System-Level Energy Management Optimization Based on External Information for Power-Split Hybrid Electric Buses
Xiaodong Sun, Ziyin Dong, Zhijia Jin, Xiang Tian
Abstract
In recent years, the improvement of fuel economy in power-split hybrid electric buses (PS-HEBs) has emerged as a prominent subject of discussion. This article introduces a system-level optimization (SLO) that relies on the collection of road information. The control strategy is categorized into online and offline parts. First, the speed information throughout the entire driving process is obtained by integrating the global positioning system with real-time vehicle map data.
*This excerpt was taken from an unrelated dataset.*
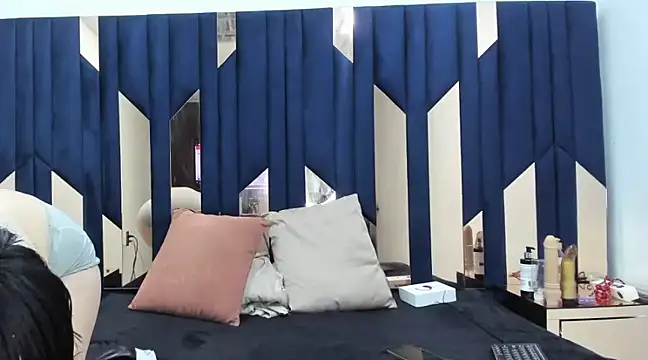 Criistaal  online show from 01.27.25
Subsequently, the K-means clustering method is employed to classify distinct kinematic segments based on several characteristic parameters. Based on this point, the back propagation neural network prediction model is constructed by monitoring the variations in speed sequence, enabling the prediction of future speed curves using historical speed. Besides, a nested architecture is utilized for optimizing the motor to attain collaborative optimization across multiple disciplines. Finally, the proposed strategy achieves adaptive energy management for different road segments by incorporating the predicted vehicle speed and pertinent information into a rule-based strategy. Through simulation and hardware-in-the-loop experiments, the superiority of the proposed strategy in dealing with road segment changes is demonstrated, leading to a substantial reduction in fuel consumption.